• Exercise details: Write out the lines below exactly, beginning at the one with "Guinee 1998 Locomotives" and stopping after the one with "Chantilly Place Little"; the pictures are not copied.
#### Record extracts ####
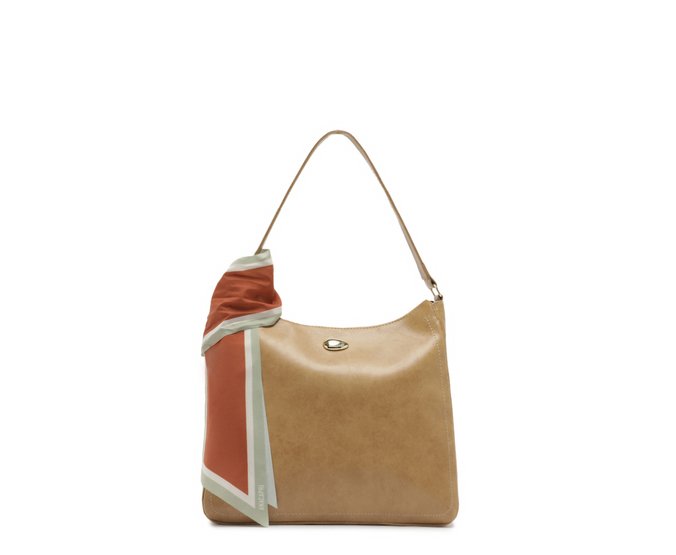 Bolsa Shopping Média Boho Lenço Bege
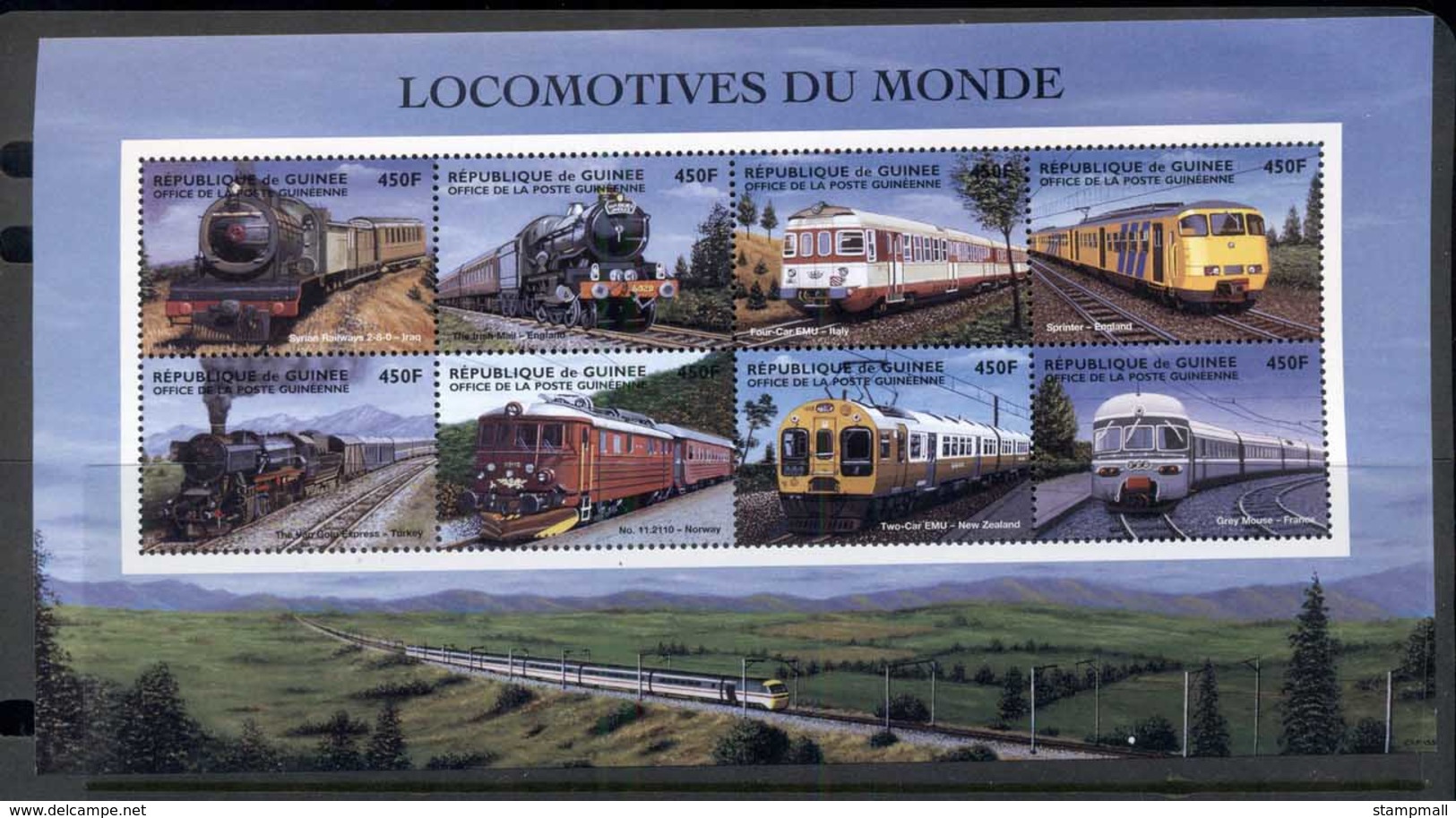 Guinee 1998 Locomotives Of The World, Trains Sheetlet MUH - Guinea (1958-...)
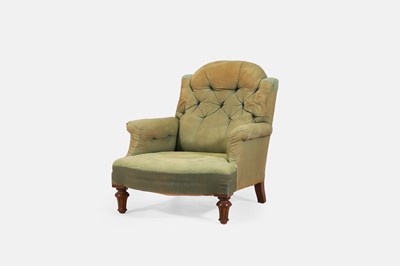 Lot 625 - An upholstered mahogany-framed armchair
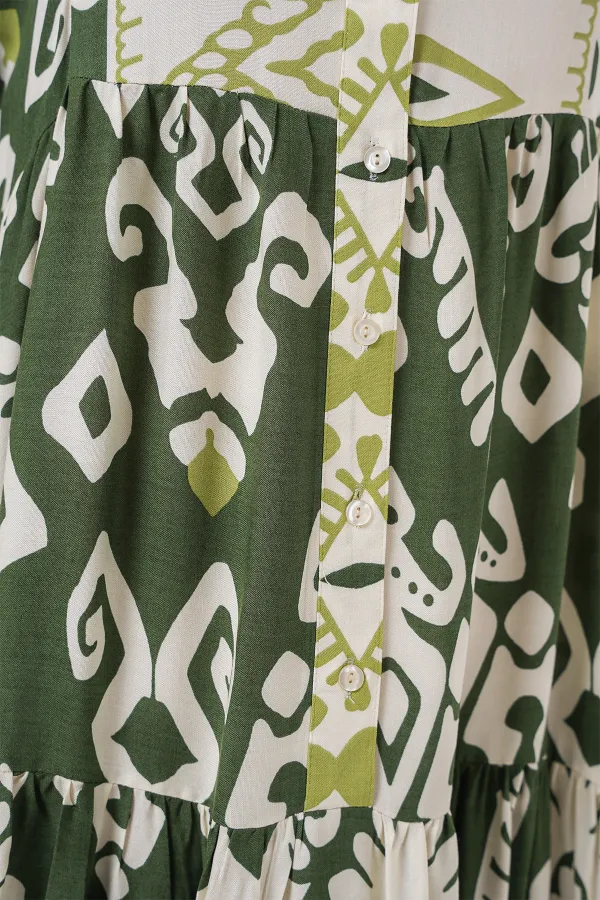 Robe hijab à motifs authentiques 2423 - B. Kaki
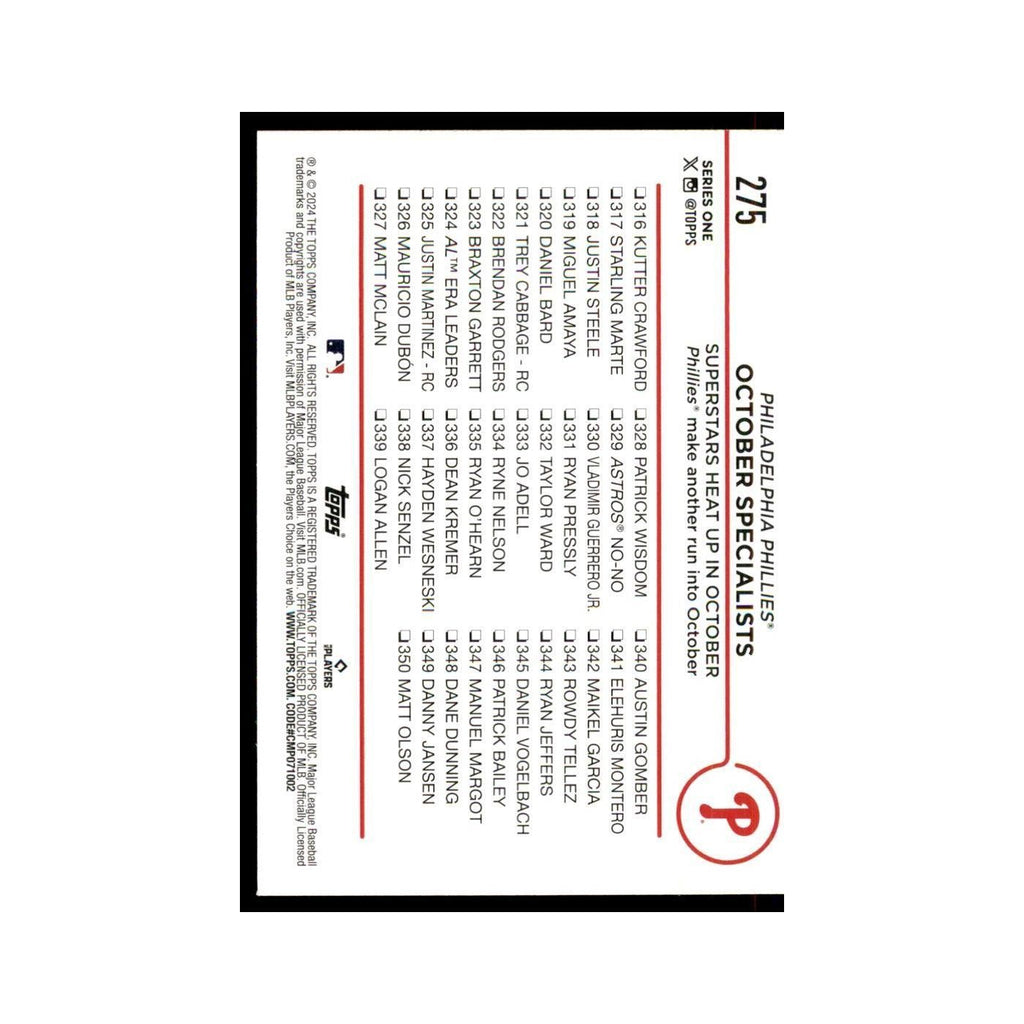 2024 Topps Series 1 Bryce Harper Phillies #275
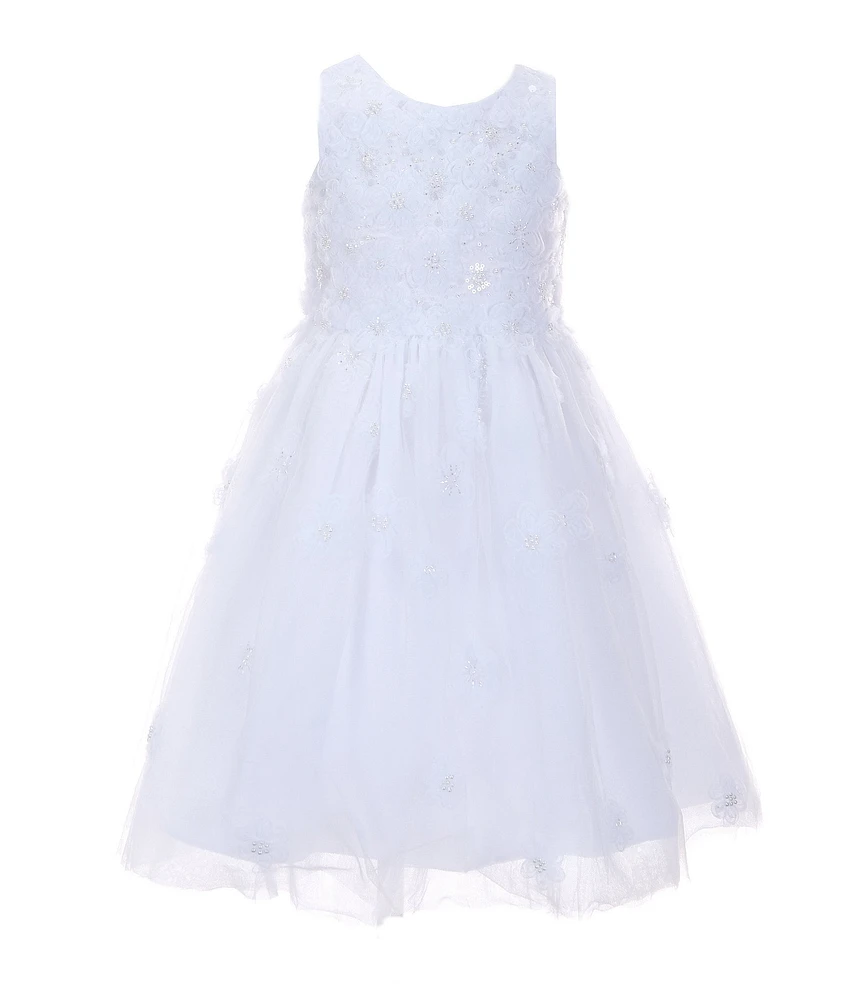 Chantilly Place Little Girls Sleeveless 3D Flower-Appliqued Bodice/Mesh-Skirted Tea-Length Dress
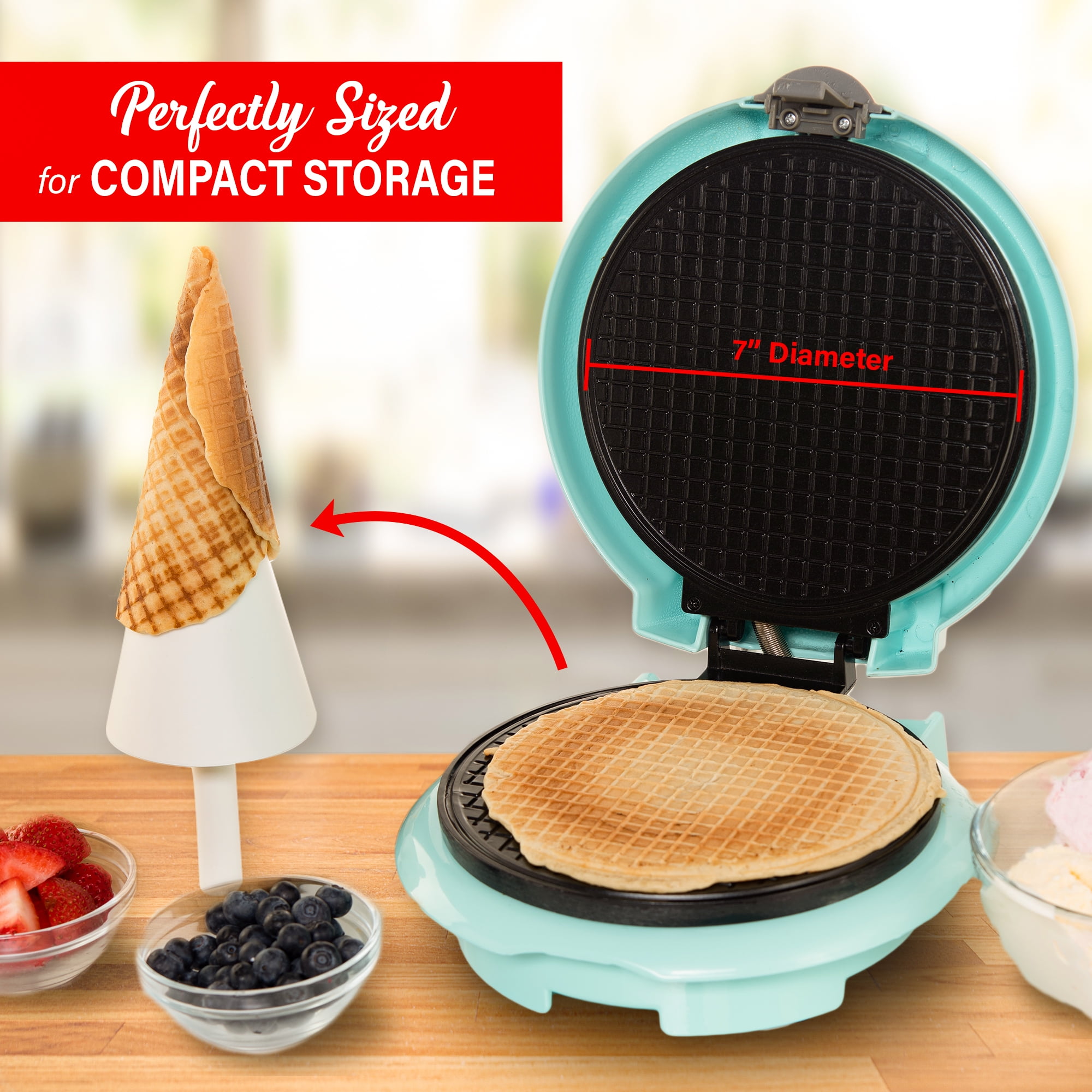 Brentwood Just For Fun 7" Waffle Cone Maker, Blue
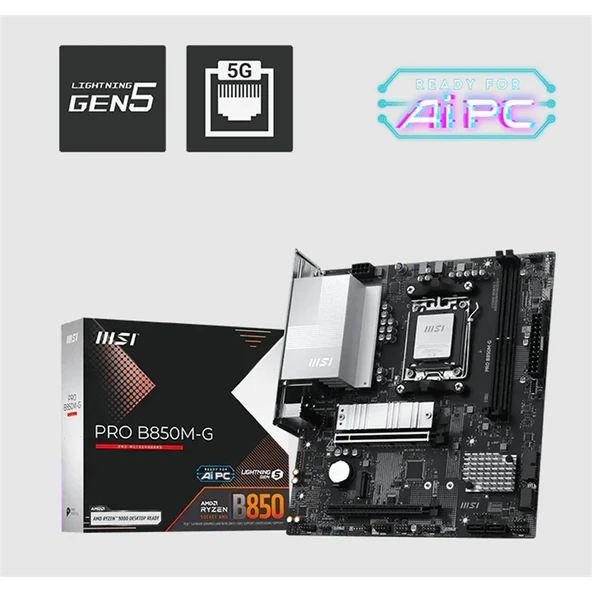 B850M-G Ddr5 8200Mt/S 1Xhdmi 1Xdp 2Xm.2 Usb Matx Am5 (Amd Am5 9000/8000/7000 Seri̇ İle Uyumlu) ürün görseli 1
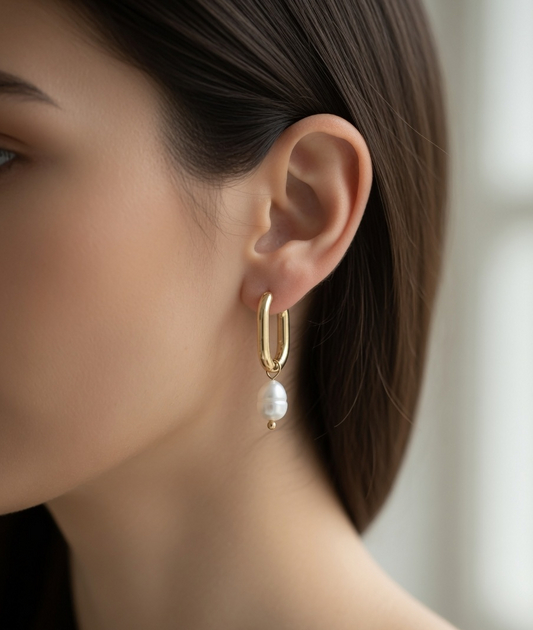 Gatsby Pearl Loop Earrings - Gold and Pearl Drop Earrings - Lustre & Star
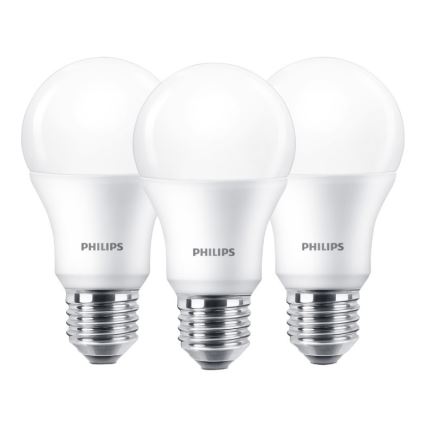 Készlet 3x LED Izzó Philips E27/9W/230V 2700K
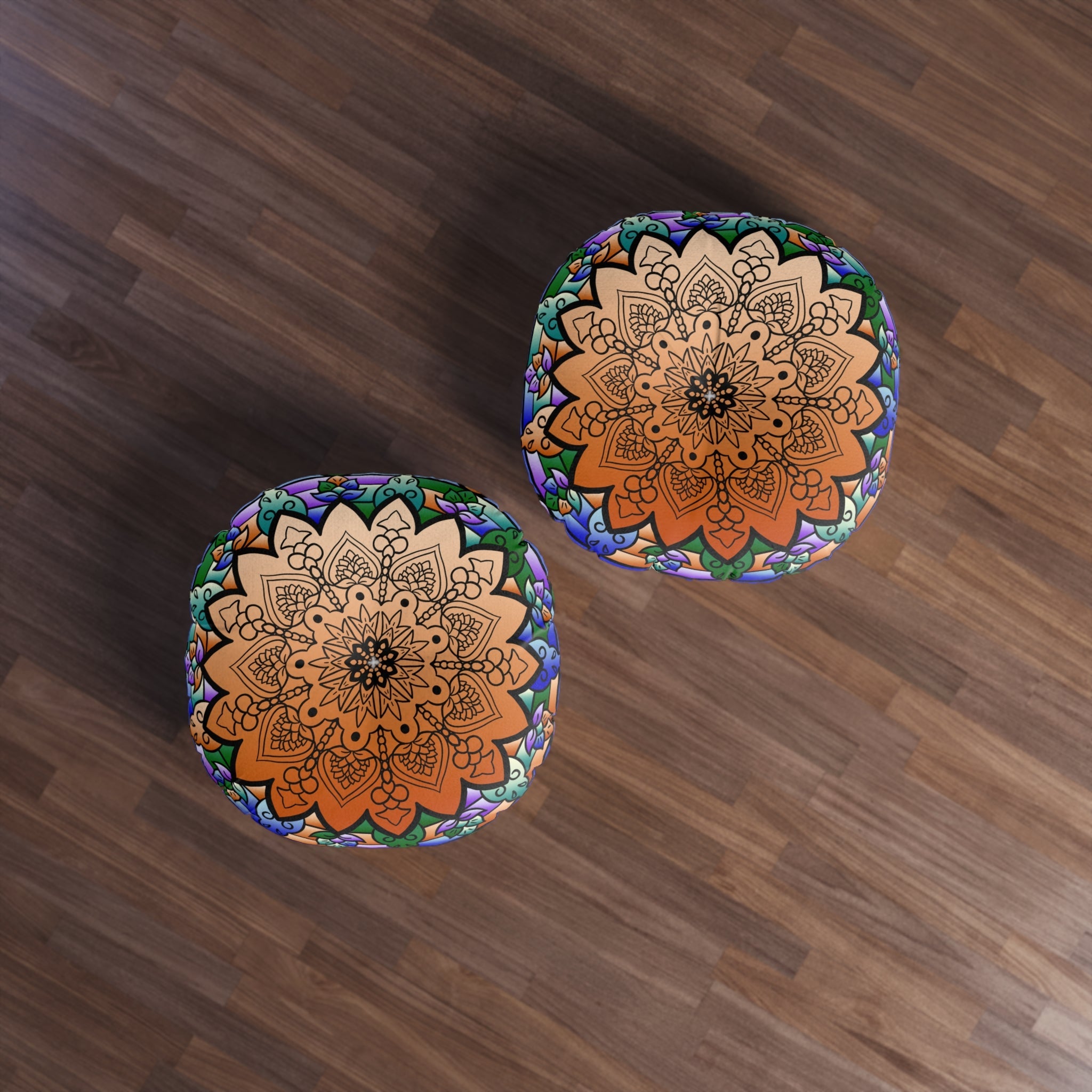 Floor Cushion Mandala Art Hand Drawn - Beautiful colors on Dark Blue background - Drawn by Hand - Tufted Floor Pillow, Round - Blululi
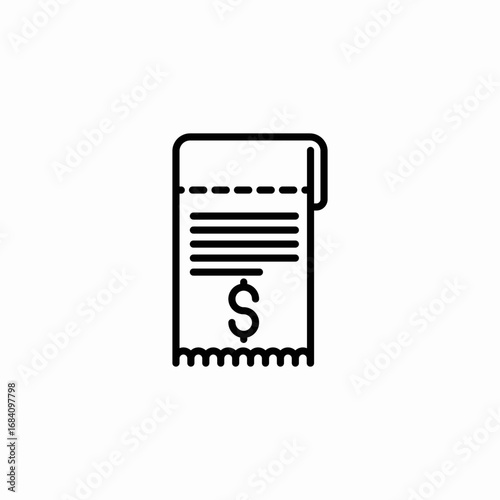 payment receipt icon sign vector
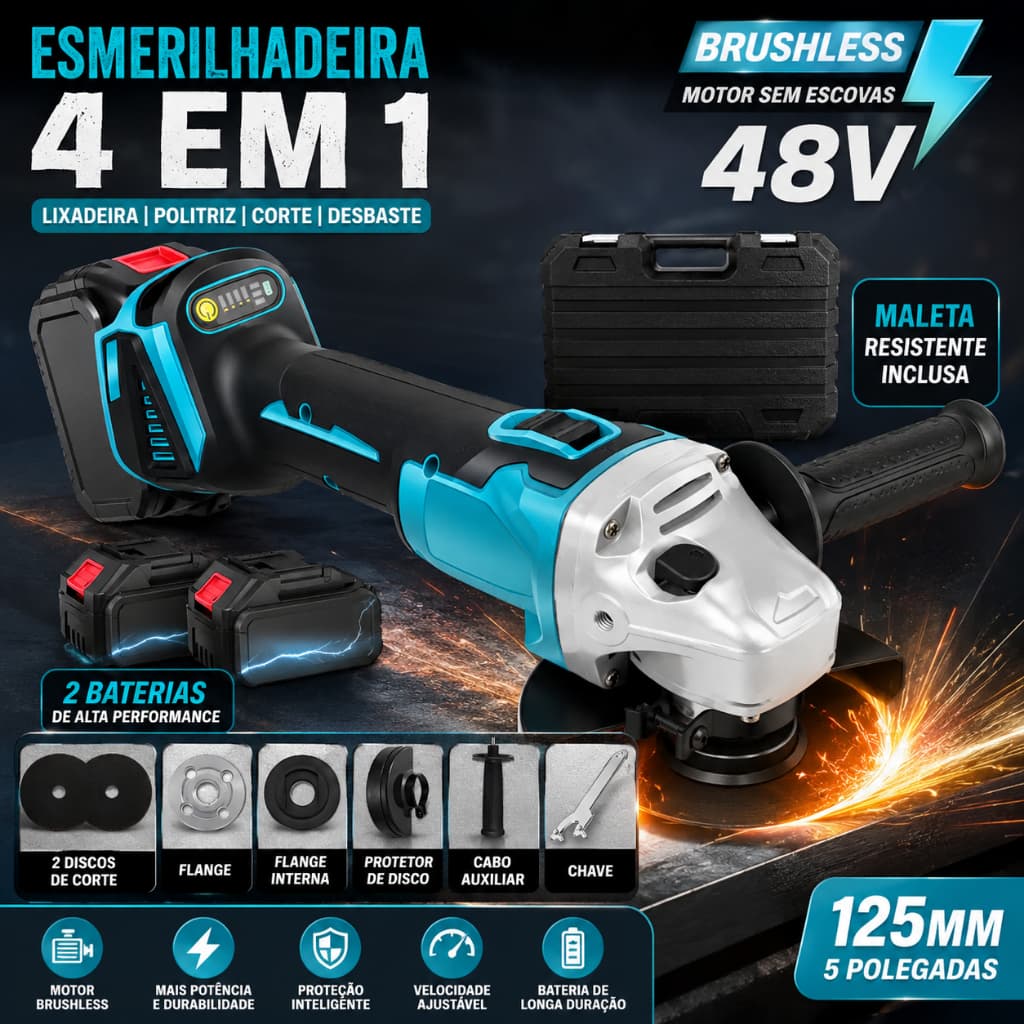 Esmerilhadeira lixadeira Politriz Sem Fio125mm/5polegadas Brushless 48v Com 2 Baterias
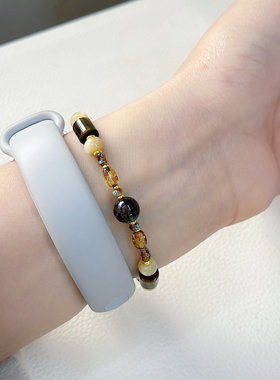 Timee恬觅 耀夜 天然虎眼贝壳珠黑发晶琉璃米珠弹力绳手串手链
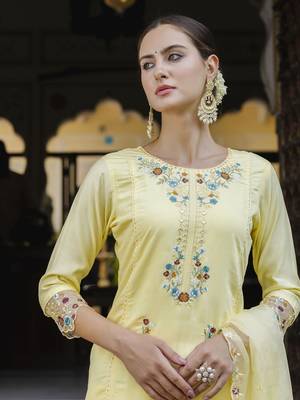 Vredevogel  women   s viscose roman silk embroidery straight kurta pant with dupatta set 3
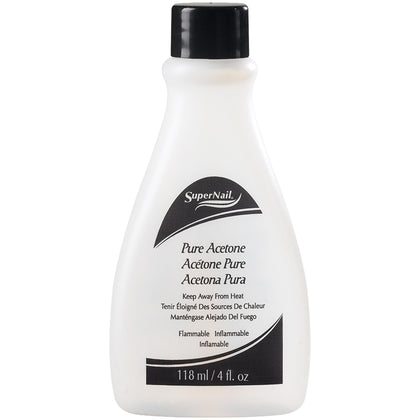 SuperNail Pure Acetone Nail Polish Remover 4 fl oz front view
####
• Problem solution:
 Guinee 1998 Locomotives Of The World, Trains Sheetlet MUH - Guinea (1958-...)
 Lot 625 - An upholstered mahogany-framed armchair
 Robe hijab à motifs authentiques 2423 - B. Kaki
 2024 Topps Series 1 Bryce Harper Phillies #275
 Chantilly Place Little Girls Sleeveless 3D Flower-Appliqued Bodice/Mesh-Skirted Tea-Length Dress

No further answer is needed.